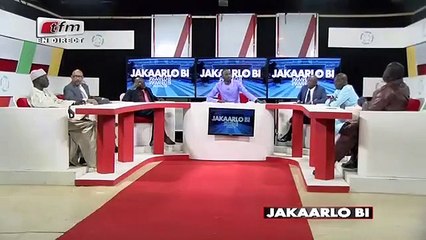 Birima Ndiaye Tacles évèrement Bougane Dany Gueye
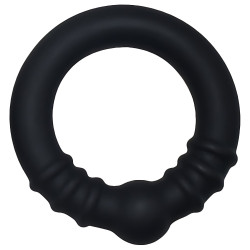 Cockring avec boule STEEL CORE L 42 mm de KSB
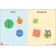 Activities with stickers. Set. 0+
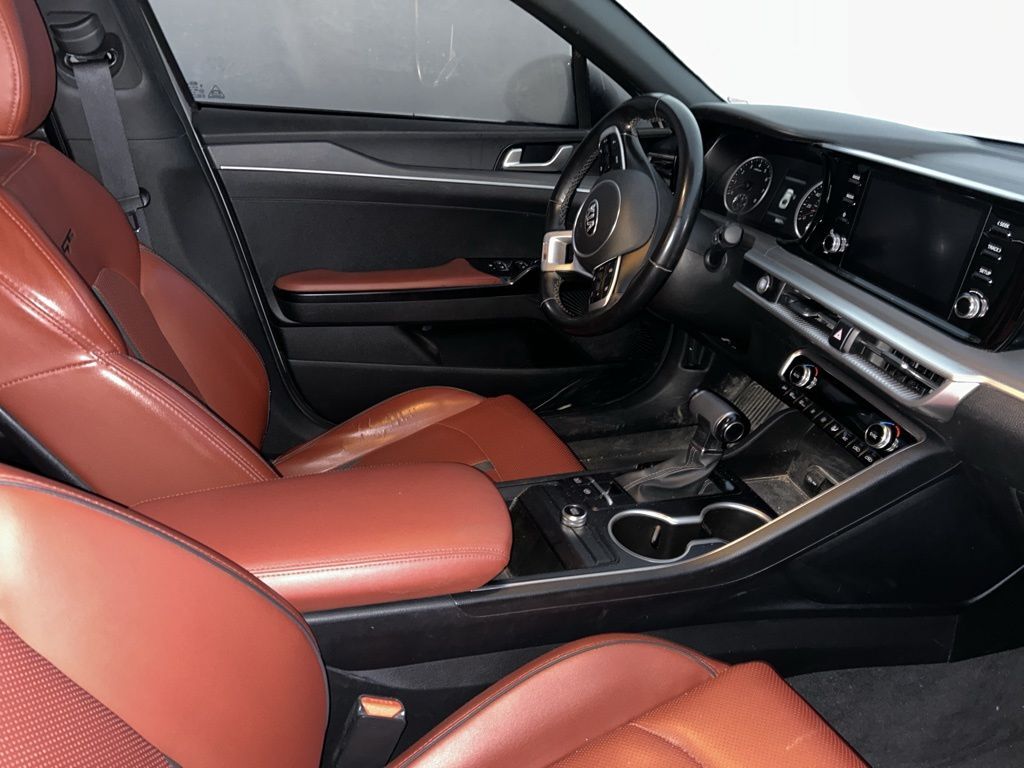 2021 Kia K5 GT-Line Akron OH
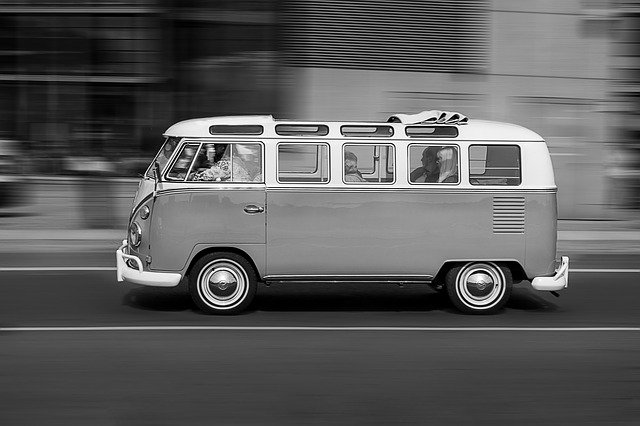 Free download bulli bully vwbus automobile free picture to be edited with GIMP free online image editor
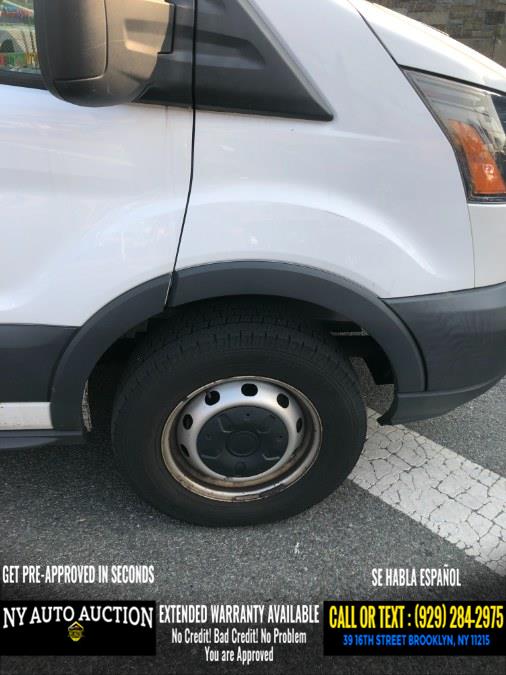 2018 Ford Transit Van T-250 130" Low Rf 9000 GVWR Sliding RH Dr, available for sale in Brooklyn, New York | NY Auto Auction. Brooklyn, New York 2018 Ford Transit Van T-250 130" Low Rf 9000 GVWR Sliding RH Dr, available for sale in Brooklyn, New York | NY Auto Auction. Brooklyn, New York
━━━
### Work required
Without including any pictures, output all the entries above exactly.

### Answer to the problem
 Birima Ndiaye Tacles évèrement Bougane Dany Gueye
 Cockring avec boule STEEL CORE L 42 mm de KSB
 Activities with stickers. Set. 0+
 2021 Kia K5 GT-Line Akron OH
 Free download bulli bully vwbus automobile free picture to be edited with GIMP free online image editor
 2018 Ford Transit Van T-250 130" Low Rf 9000 GVWR Sliding RH Dr, available for sale in Brooklyn, New York | NY Auto Auction. Brooklyn, New York 2018 Ford Transit Van T-250 130" Low Rf 9000 GVWR Sliding RH Dr, available for sale in Brooklyn, New York | NY Auto Auction. Brooklyn, New York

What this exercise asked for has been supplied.